WHAT IS REQUIRED:
For the entries below, copy exactly the line that contains "4537 Sears Road" through the line that contains "Top view of", both ends included, and exclude all pictures.

*** DATA TO PROCESS Section Begins ***

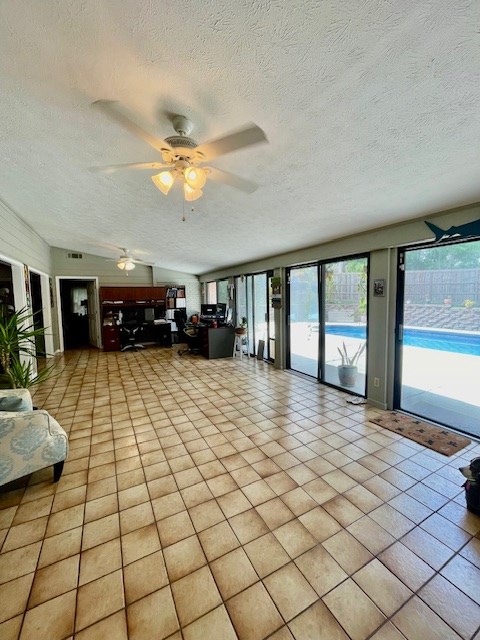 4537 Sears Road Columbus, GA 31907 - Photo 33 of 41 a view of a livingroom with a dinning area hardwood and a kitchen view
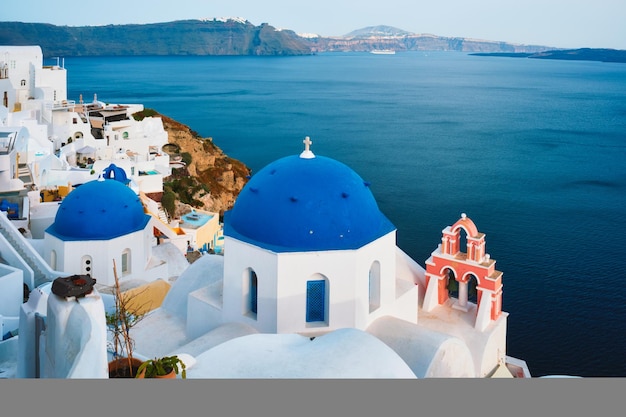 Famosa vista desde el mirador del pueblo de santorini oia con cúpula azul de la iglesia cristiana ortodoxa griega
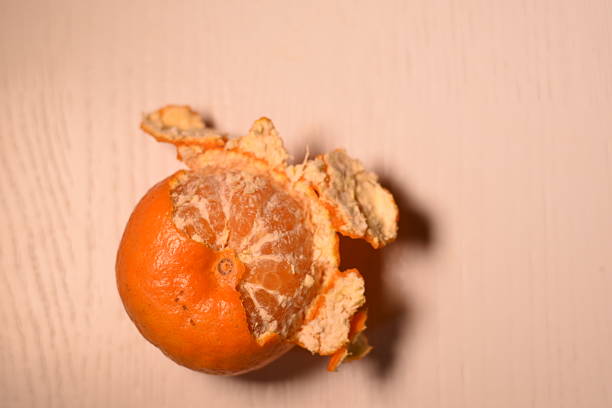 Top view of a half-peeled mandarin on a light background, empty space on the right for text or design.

*** DATA TO PROCESS Section Ends ***
*** DATA TO PROCESS Section Begins ***

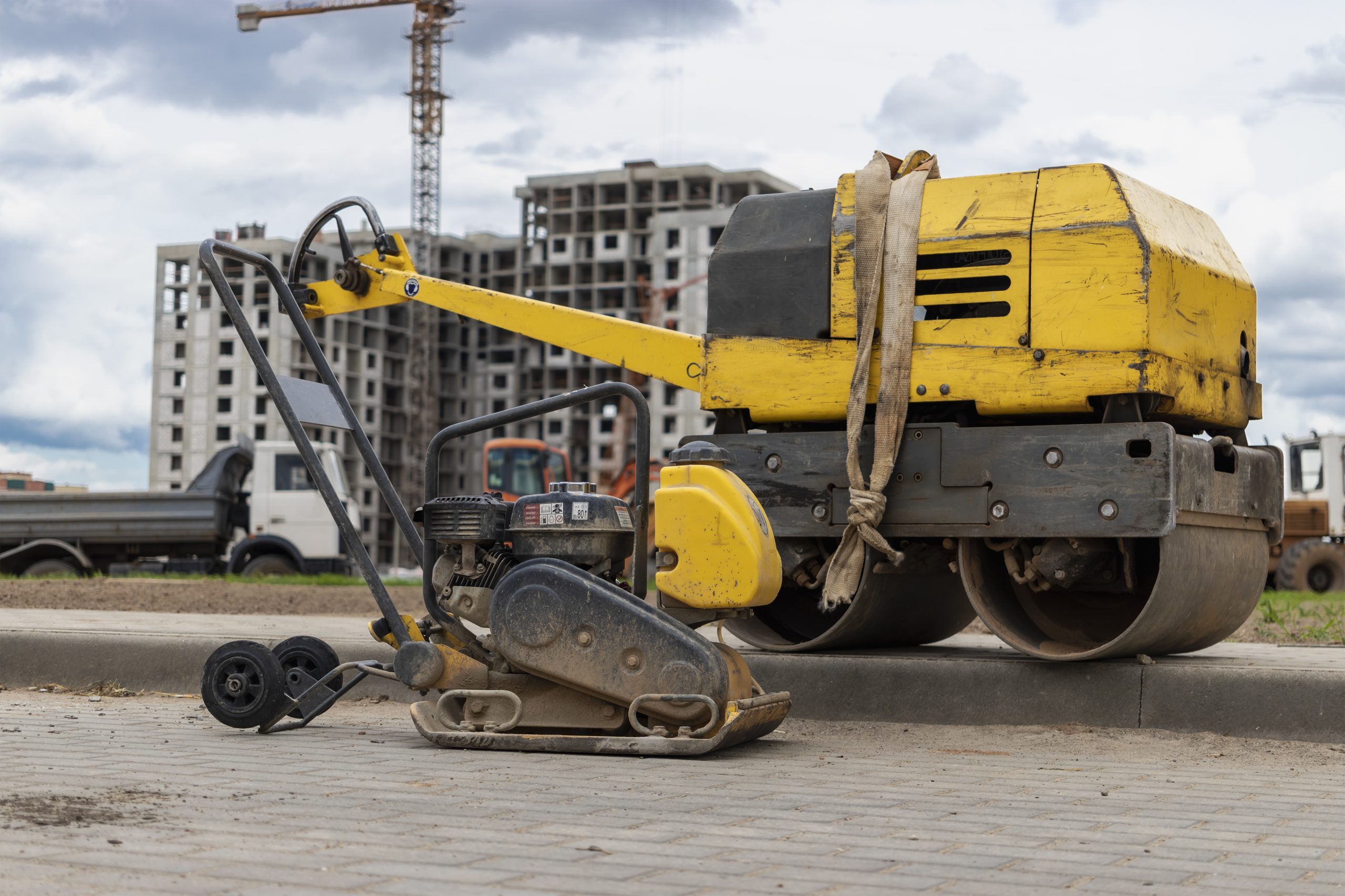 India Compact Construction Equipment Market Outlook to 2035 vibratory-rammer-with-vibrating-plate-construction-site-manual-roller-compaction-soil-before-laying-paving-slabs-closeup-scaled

*** DATA TO PROCESS Section Ends ***

OUTPUT OF THE EXERCISE:
 4537 Sears Road Columbus, GA 31907 - Photo 33 of 41 a view of a livingroom with a dinning area hardwood and a kitchen view
 Famosa vista desde el mirador del pueblo de santorini oia con cúpula azul de la iglesia cristiana ortodoxa griega
 Top view of a half-peeled mandarin on a light background, empty space on the right for text or design.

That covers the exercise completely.